With most people relying almost exclusively on their own assets to generate lifetime income sufficiency, it’s up to each individual to determine the optimal rate at which they can safely spend down their assets so they don’t outlive them. Several decades ago, a financial advisor came up with the “4 percent rule,” which has been widely adopted by many financial planners as a starting point for determining how much can be withdrawn annually from your accounts over your lifetime.

Essentially the rule states that you should be able to withdraw 4 percent of your assets each year without the risk of depleting them too soon. However, that rule was developed over 40 years ago based on an asset allocation of 50 percent stocks and 50 percent bonds. It was determined that would be a safe rate of withdrawal during any 30-year period between 1926 and 1976.
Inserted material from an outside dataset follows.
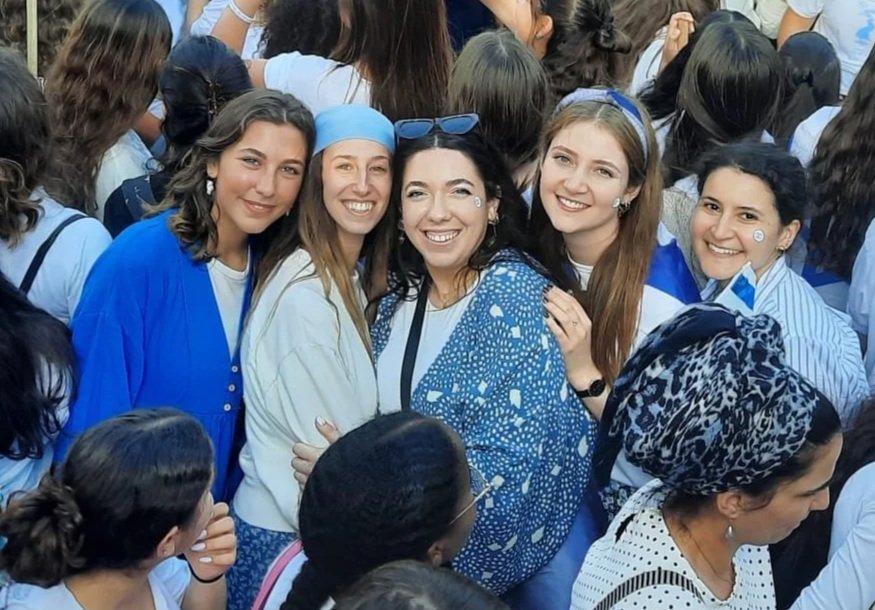 Group of women smiling and posing together among crowd at outdoor event.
Is the 4 Percent Rule Still Valid? 

While that rule may have worked well in the 1980s and 1990s due to surging stock prices, it didn’t work so well in the 2000s, which saw a stagnate stock market and declining housing prices. Retirees found themselves having to increase the percentage and accelerate the depletion of their assets to cover their living expenses. More recently, in the 2010s and 2020s, bond yields have declined, generating far less income than in previous decades. The only remedy retirees had was to reduce their withdrawals or lifestyle or risk depleting their assets too soon.

Today’s retirees are discovering that rules based on decades-old averages and assumptions don’t account for 21st-century realities. Rising healthcare costs and longer life expectancies were not factored into the rule back then. Some financial advisors have tried to adjust for this by changing the 4 percent rule to the 3 percent rule.

From the start, the 4 percent rule was to be used as a rule of thumb, a planning guide, not as a final strategy. Given the enormous complexities around determining an optimal spend-down strategy, it can leave retirees in the uncertain position of adjusting their spending in reaction to the performance of their assets. Short of a real income distribution strategy, determining how much to withdraw each year becomes a dangerous crapshoot.

Retirement Income Planning Requires More Than Rules of Thumb

Determining a safe spend-down rate should be done in concert with an overall retirement income plan factoring in a retiree’s income needs, retirement asset mix, expected returns, tax situation, inflation, and the uncertainty of the markets. The plan needs to be monitored regularly so timely adjustments can be made to maintain the balance between income needs and the rate of asset depletion.

As far as retirement planning goes, the accumulation phase is far less complex than the distribution phase to ensure you can comfortably meet your lifestyle goals. Planning for lifetime income sufficiency should be done with the guidance of a qualified advisor who specializes in retirement income planning.